• _BRIEF_:
Find the line that contains "Отражатель круговой ​Geobond Prism 360-T". Copy it and every line after it to the end of the material below, exactly, with no pictures.

• _INPUT_:
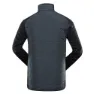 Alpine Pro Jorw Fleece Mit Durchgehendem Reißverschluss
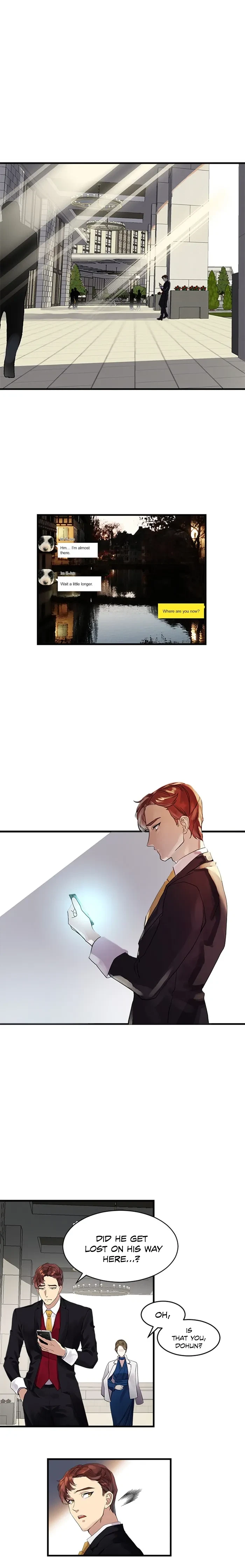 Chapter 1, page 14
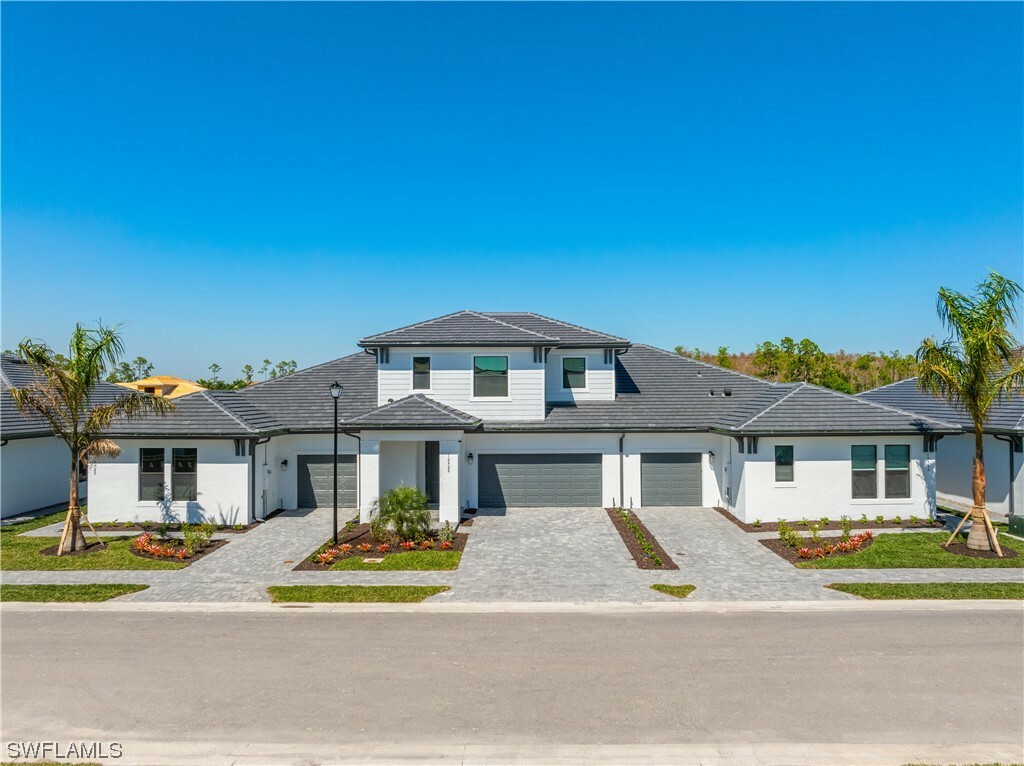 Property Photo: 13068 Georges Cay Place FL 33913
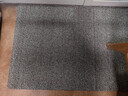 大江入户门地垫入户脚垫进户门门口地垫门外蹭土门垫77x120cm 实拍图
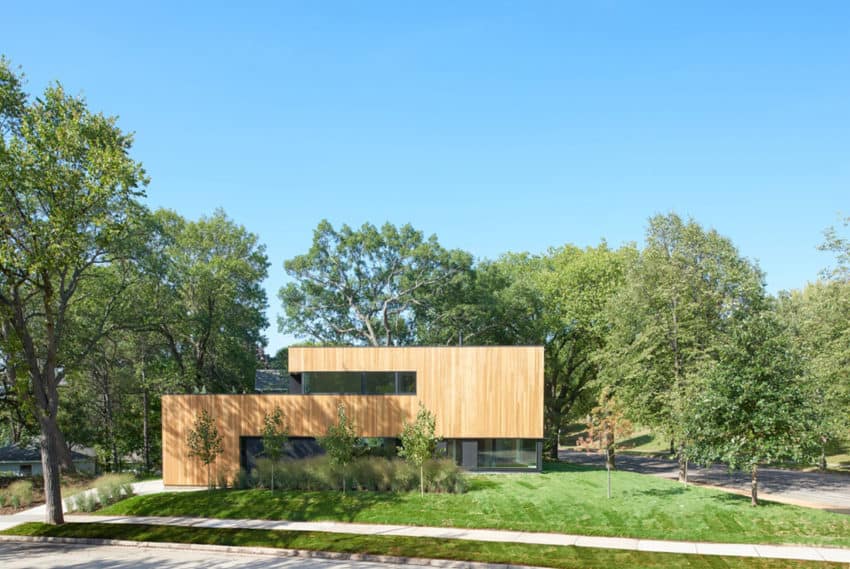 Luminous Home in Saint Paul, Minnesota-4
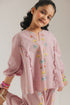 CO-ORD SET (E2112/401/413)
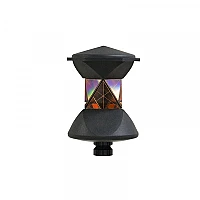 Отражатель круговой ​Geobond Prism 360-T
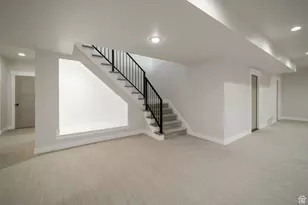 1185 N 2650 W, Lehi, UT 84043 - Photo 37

• _EXPECTED ANSWER_:
 Отражатель круговой ​Geobond Prism 360-T
 1185 N 2650 W, Lehi, UT 84043 - Photo 37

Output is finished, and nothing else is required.